The source material tells the story of a five-headed dragon that has long terrorized the island of Enoshima until a goddess named Benzaiten ends the monster’s wrath. Mr. West said that the polarity of these figures gave him the idea to create a novel with dual protagonists. His main characters, Sarah Benton and Leef Leiden, stand in for the goddess and dragon respectively.
Dr. Leiden is a professor of Asian studies by day and a hitman by night. He has made his career studying the Enoshima Engi. His research provides an excuse for a trip to Los Angeles to carry out a hit. There he meets Sarah Benton, an investigative reporter looking into a string of disappearances (that he brought about, of course). Romance, mayhem and existential crises follow.
The thriller’s plot unfolds over five sections subdivided into 17 episodes. To keep track of this complex structure, Mr. West said he made detailed spreadsheets in Microsoft Excel that broke the work down beat by beat. Then he would sit down, envision in his mind the action of the scene, and type it out—using only two fingers, he noted, because he never learned to type.

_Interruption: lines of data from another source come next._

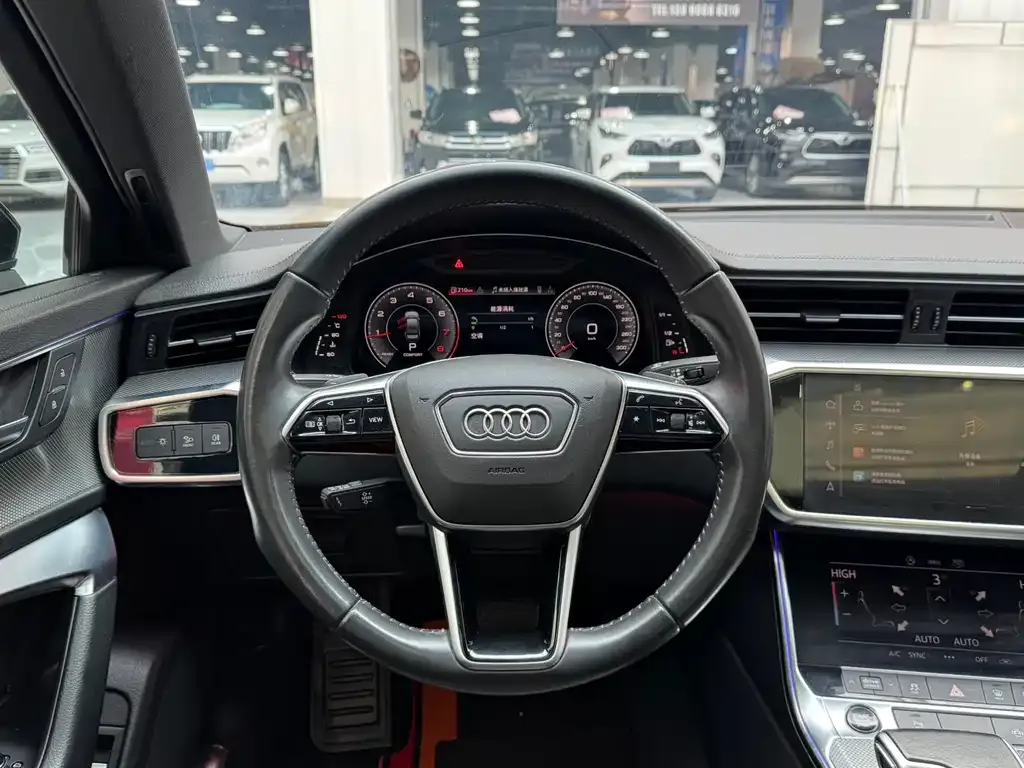 Audi A6L 2021 из CN, фото 6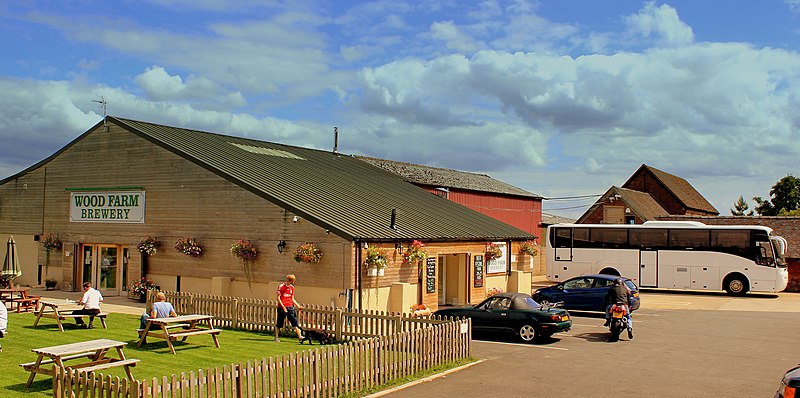 File:WOOD FARM BREWERY WILLEY NEAR RUGBY WARWICKSHIRE AUG 2013 (9482757969).jpg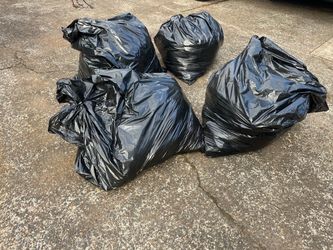 4 BAGS OF WOMENS CLOTHING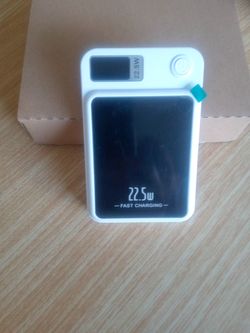 22.5W Magnetic Power Bank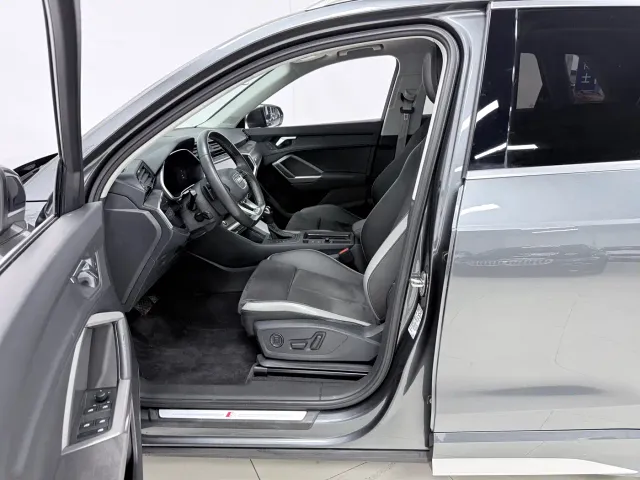 Audi Q3 — Фото автомобиля 10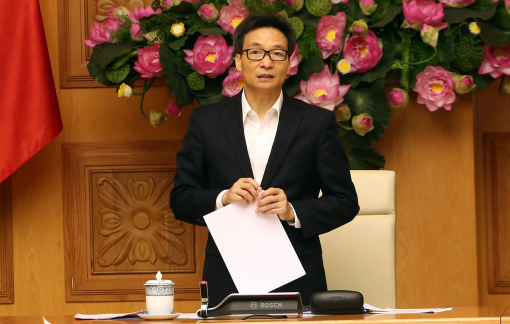 Phó thủ tướng Vũ Đức Đam: "Tình huống xấu nhất, chúng tôi đã dự tính tới 30.000 trường hợp bị nhiễm"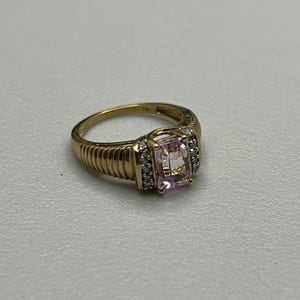 Beautiful Fine .417 10k Solid Yellow Gold Amethyst & Diamond Ring Size 7 3.7g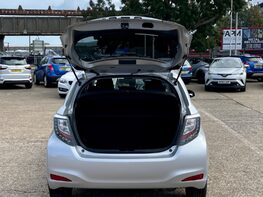 Toyota Yaris T4 HYBRID 46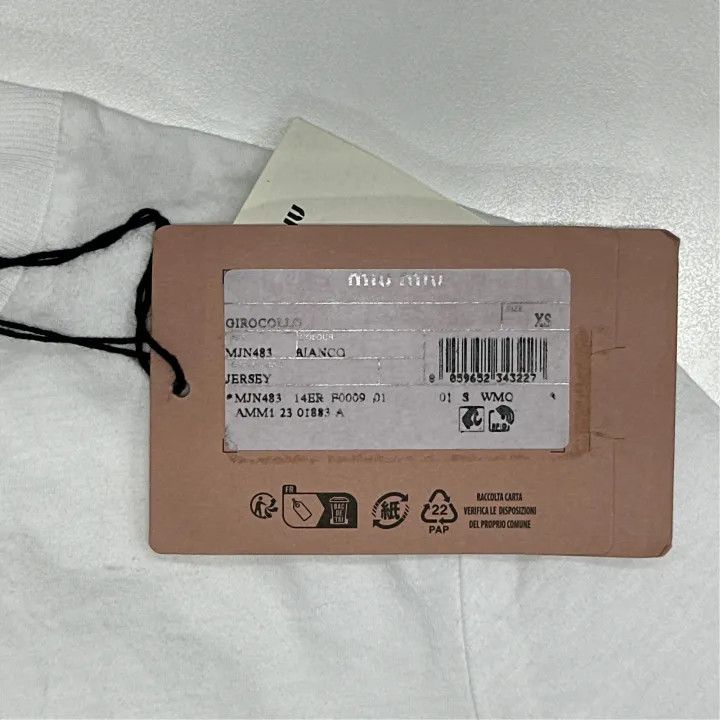 Miu Miu Miu Miu White Logo Embroidery Short Sleeve T-Shirt 0079 Size XS / US 0-2 / IT 36-38 - 4 Thumbnail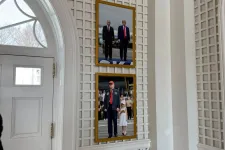 A Fehér Házban ki van téve egy közös fénykép Trumpról és Putyinról, de nem is ez a legjobb az egészben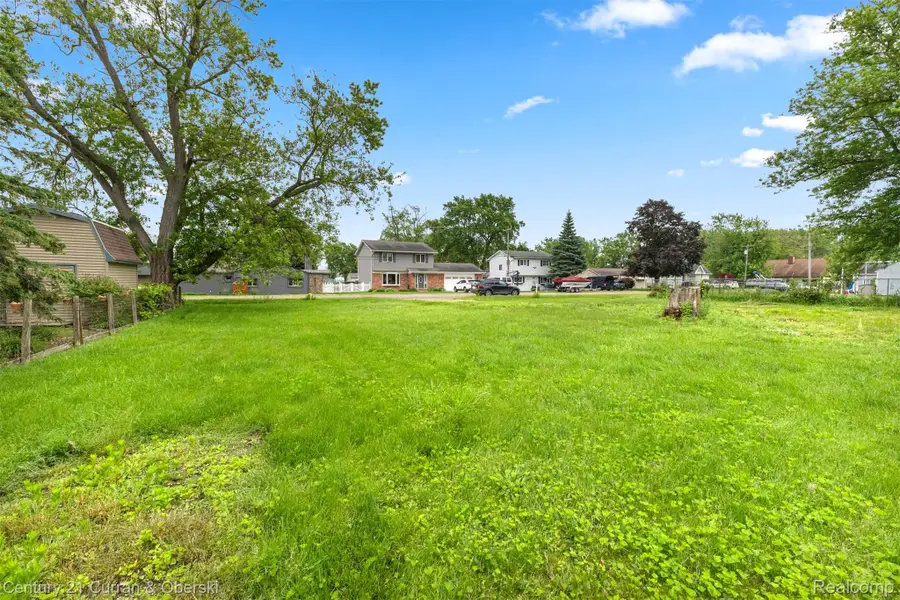 35280 Marcus Drive, Rockwood, MI 48173 - Image #2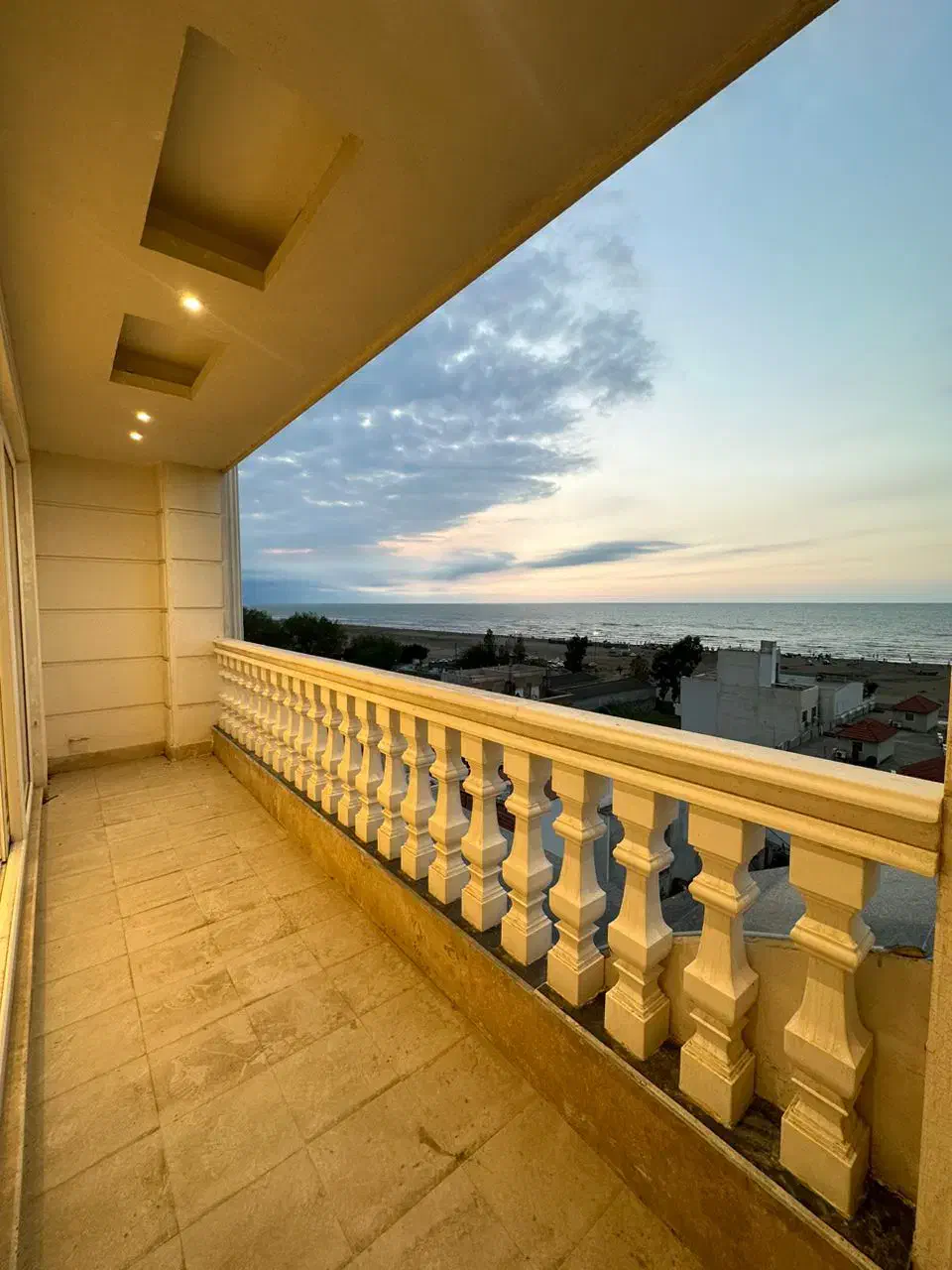 برج فریدونکنارپلاک اول دریا ۱۱۷ نوساخت کلید نخورده|فروش آپارتمان|فریدون‌کنار, |دیوار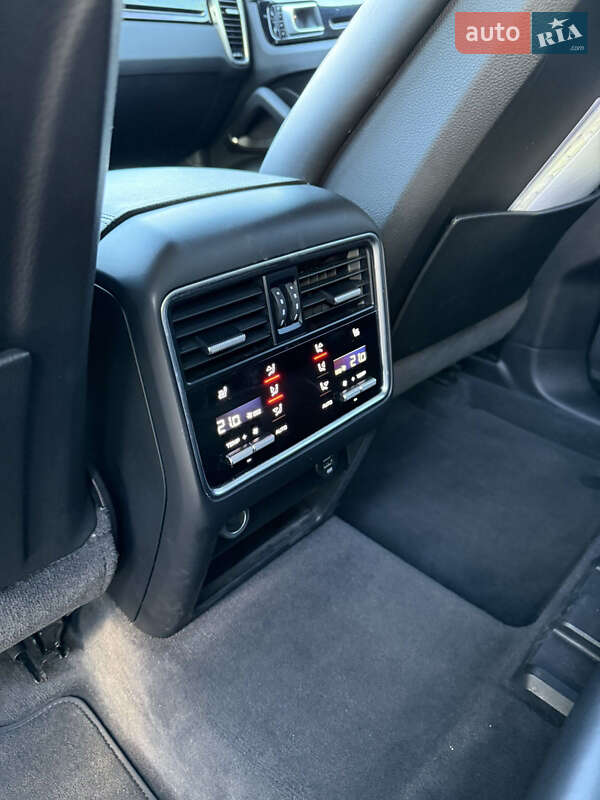Внедорожник / Кроссовер Porsche Cayenne 2018 в Львове фото 13 Внедорожник / Кроссовер Porsche Cayenne 2018 в Львове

“I just let it flow,” he said. “It’s all about the characters, bringing them to life.”
The novel took Mr. West two years of early morning writing sessions to complete—he worked on it before starting his dayjob as an industry analyst.
Mr. West said above all else his book is intended to entertain. There is, however, a moral layer to the plot.
“In addition to entertainment, I’d hope that the reader would think about threads of what’s good and what’s evil in this,” Mr. West said.
The Five Headed Dragon is available at the Bunch of Grapes Bookstore and on Amazon.